As I alluded to earlier, one of the cool things with Iris is that you can also use it to develop relational higher order separation logics. These have been quite useful for reasoning about relational problems such as contextual refinement and non-interference, formalized in Iris and Coq. In the talk, I’ll try to present some of our recent work on extending this approach to probabilistic higher order programs. I will introduce two new probabilistic relational logics called Clutch and Caliper, which can be used to reason about contextual refinement and almost-sure termination for probabilistic higher-order programs. In particular, I’ll try to emphasize how one can make use of some ideas from separation logic to make the reasoning simpler and go beyond what one could do with earlier proposals. The way we’re thinking of this in the context of the ERC project is that these are the first steps of how to extend some of our techniques to probabilistic languages.

How easy is it for you to pique the interest of young students in this research field? Additionally, what advice would you offer someone who is just beginning in this area?

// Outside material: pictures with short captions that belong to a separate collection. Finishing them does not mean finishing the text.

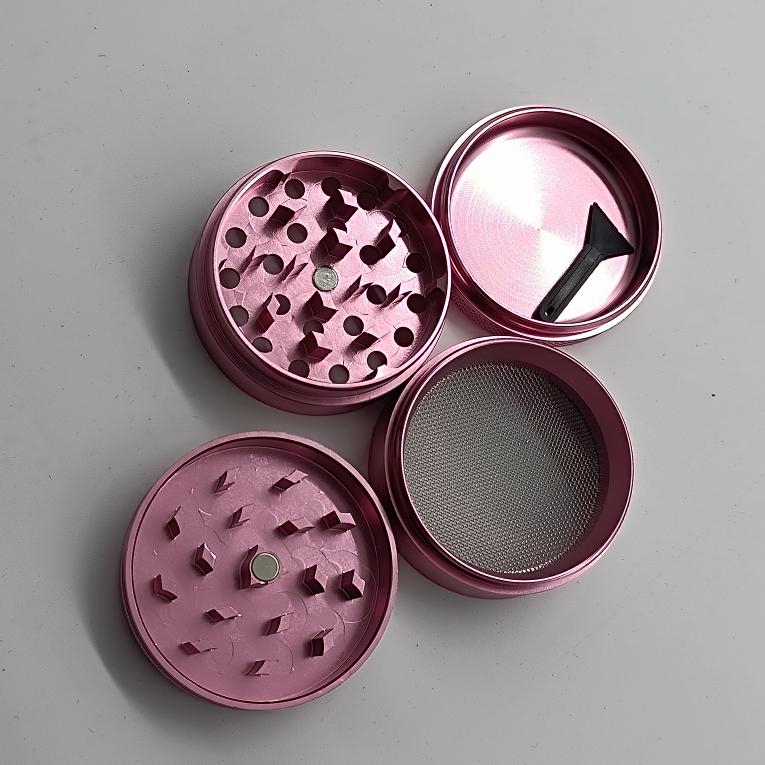 BLACK LEAF Bitch Bong 4-Part Metal Grinder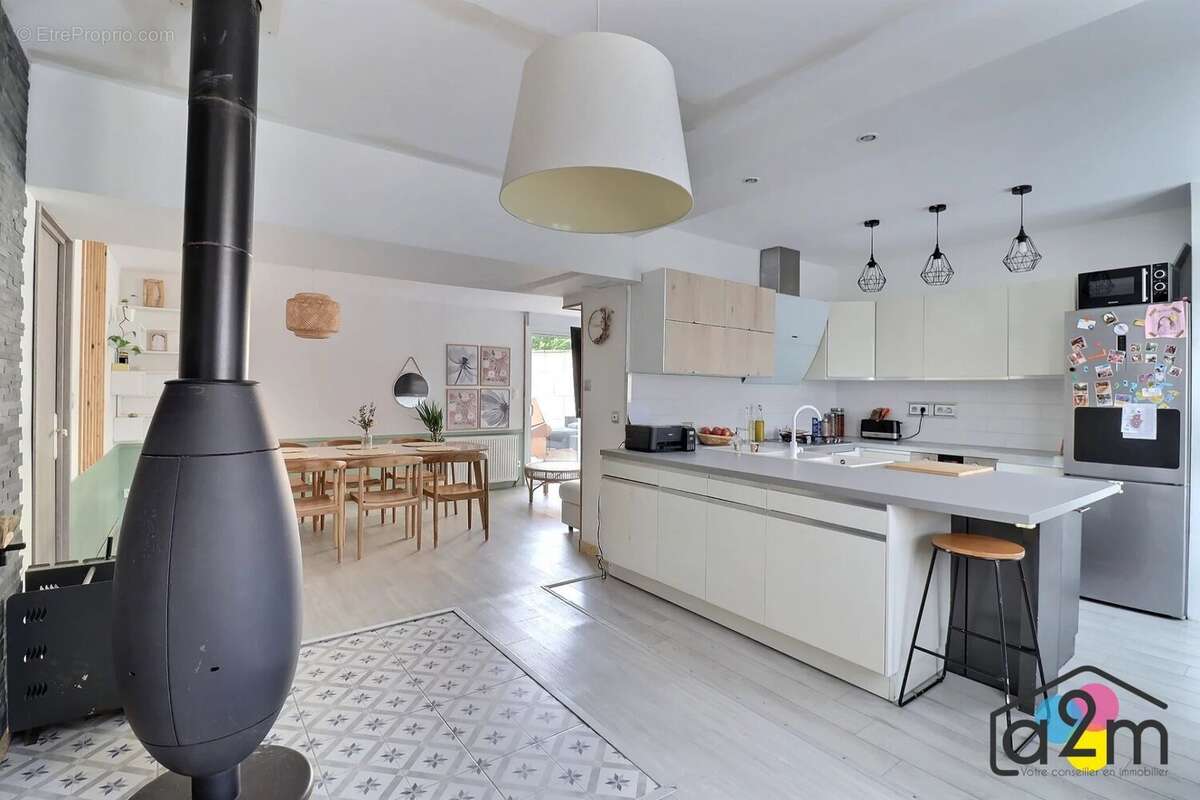 Maison à MONTATAIRE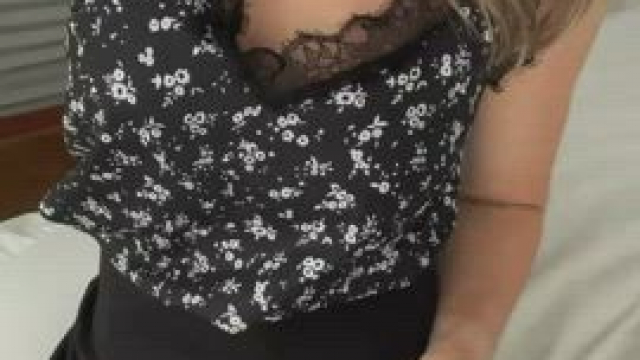 I’m the naughty, married mature at work who wears short skirts and accidentally gi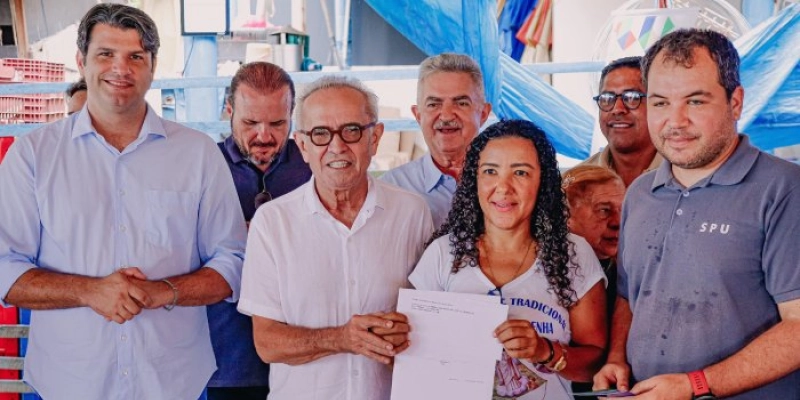 Cícero Lucena entrega certidões de regularização fundiária para 37 famílias de pescadores da Penha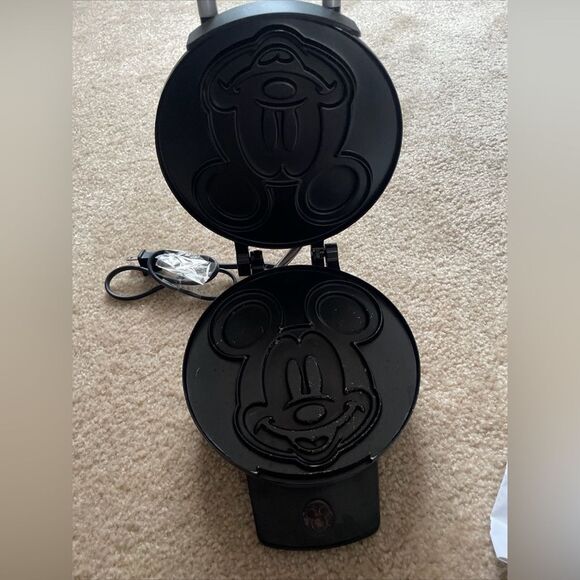 Disney Classic Mickey Waffle Maker - Picture 3 of 4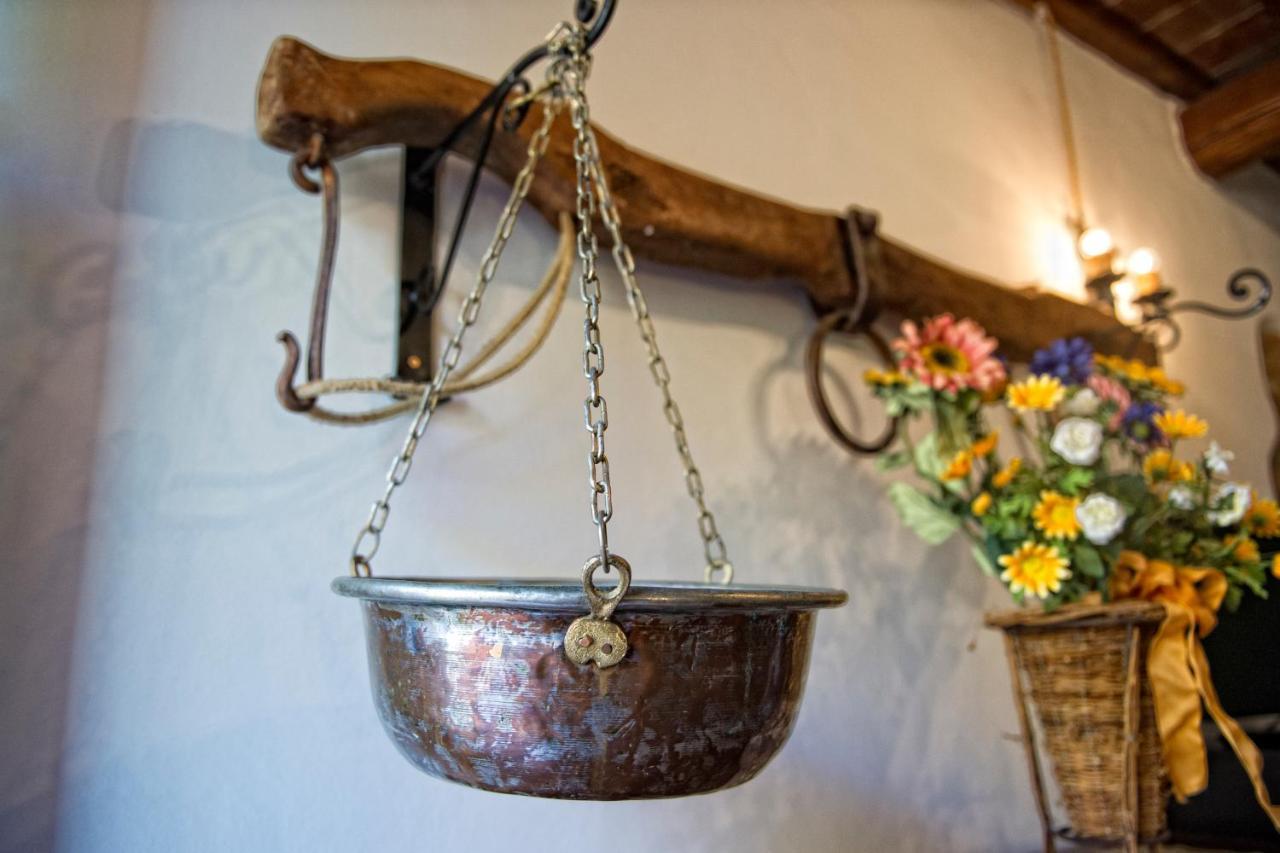 Agriturismo Palazzo Conti A Пиенца Екстериор снимка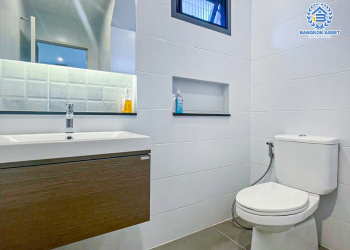 *****บ้านเดี่ยวมือสอง โครงการ สราญสิริ ชัยพฤกษ์-แจ้งวัฒนะ เนื้อที่ 50 ตร.ว. ฟังก์ชัน 4 ห้องนอน 3 ห้องน้ำ 2 ที่จอดรถ บ้านสภาพดี ขายพร้อมเฟอร์นิเจอร์บิ้วท์อิน บนทำเลเดินทางสะดวก ใกล้รถไฟฟ้าสายสีชมพู "สถานีห้าแยกปากเกร็ด" และทางพิเศษอุดรรัถยา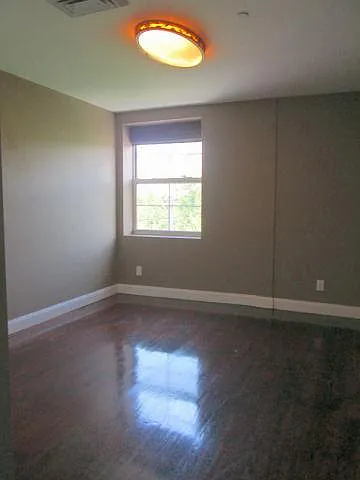 288 Main St #2D — Photo 11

I don’t think it has ever been easy to attract people to work in this field. The young students have very many good and interesting opportunities. We have been lucky to attract students from around the world, and in the group we do our best to help them get a good start, and we try to foster a collaborative and supportive research environment.

I don’t think that there is just one piece of advice we give young students, this all depends on the individuals' background etc. I guess one thing we try to emphasize is that one shouldn’t be afraid of trying to address some difficult case studies and to learn something new in that process. I think one thing we’ve managed to do in my group is to explore a number of different new directions; we hope in that process that we can learn something new and contribute a bit to the field.

To what extent do you collaborate with industry as part of your ERC grant?

Some of our sub-projects have some interest from the industry. We have been using Iris for verifying properties of the so-called capability systems, which are a new kind of hardware systems. That has a lot of interest from Arm, for example, who has ongoing collaborations with the CHERI group in Cambridge. One can say that the group in Cambridge is a bit more on the practical end of the capability research work—e.g., they explore how to use capabilities for practical operating systems. We are trying to develop some of the theory, which allows one to prove that capabilities can enforce certain security guarantees. We also try to use Iris for verifying some other low-level systems like hypervisors. Some of this work has been done in a project together with several other international groups, and that’s been supported by Google. I have also received a faculty award from Amazon; they have supported our work on distributed systems.

Whom would you like to see interviewed on the ETAPS blog in the future?

There are many good candidates; I think that Amal Ahmed and Stephanie Weirich, for instance, would be good candidates.